Après ces déclarations collectives, l’Instance permanente a donné la parole à des représentants d’organismes nationaux et associations qui ont adressé des demandes concrètes aux États.  Le représentant de l’Assemblée des Premières Nations a ainsi demandé à tous les États, et surtout au Canada, de défendre le droit de préserver les langues autochtones.  Il a estimé que ces droits linguistiques n’étaient pas assez protégés, notamment en raison du manque de ressources pour en assurer la revitalisation.  Le représentant de Perspective tatare de Crimée a, lui, souligné que les OMD ne seraient pas réalisés sans accès à la terre.  Il a demandé au Gouvernement d’Ukraine d’agir dans ce sens, par l’adoption d’une loi.  Enfin, le représentant de la Fédération Khmer Kampuchea Krom a fait valoir que le Gouvernement vietnamien ne les considérait pas comme un peuple autochtone et que cela constituait un obstacle de taille dans la réalisation des OMD, notamment en raison des limites de l’aide financière.
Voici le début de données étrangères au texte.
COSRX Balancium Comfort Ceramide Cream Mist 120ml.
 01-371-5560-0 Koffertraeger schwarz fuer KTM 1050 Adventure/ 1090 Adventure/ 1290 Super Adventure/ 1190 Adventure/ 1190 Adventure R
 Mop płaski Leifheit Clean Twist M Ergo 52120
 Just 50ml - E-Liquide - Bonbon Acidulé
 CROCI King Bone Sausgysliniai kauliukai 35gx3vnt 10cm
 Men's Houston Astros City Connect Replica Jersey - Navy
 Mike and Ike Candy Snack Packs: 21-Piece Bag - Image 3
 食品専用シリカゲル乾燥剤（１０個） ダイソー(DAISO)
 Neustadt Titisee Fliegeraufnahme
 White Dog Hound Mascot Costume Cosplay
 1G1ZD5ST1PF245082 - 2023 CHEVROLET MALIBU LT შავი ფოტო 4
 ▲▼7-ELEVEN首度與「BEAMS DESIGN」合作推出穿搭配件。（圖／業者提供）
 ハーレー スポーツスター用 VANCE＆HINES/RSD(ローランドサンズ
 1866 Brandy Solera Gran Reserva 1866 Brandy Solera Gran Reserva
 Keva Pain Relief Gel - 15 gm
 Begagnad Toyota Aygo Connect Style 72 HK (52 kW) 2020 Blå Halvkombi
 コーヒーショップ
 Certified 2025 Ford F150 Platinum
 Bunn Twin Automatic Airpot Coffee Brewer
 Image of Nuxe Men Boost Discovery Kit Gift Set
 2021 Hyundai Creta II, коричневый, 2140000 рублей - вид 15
Dialogue interactif avec les institutions des Nations Unies


Pour la représentante du Fonds des Nations Unies pour l’enfance (UNICEF), redéfinir les OMD suppose d’intégrer plus avant la perspective autochtone en valorisant notamment leurs propres enseignements ancestraux et leurs connaissances. D’autres intervenants ont évoqué la nécessité de rendre accessibles dans les endroits les plus reculés les services de base en matière d’éducation et de santé, et cela en tenant compte des rapports spéciaux que les autochtones entretiennent avec leur environnement naturel. 


La question des enfants a également été évoquée, leur cause ne pouvant plus être négligée comme cela a été le cas jusqu’à présent, a-t-il été souligné. Ceux-ci sont en effet invisibles et exclus du processus de développement dans son ensemble.  La priorité absolue doit être accordée à leur situation sur le terrain.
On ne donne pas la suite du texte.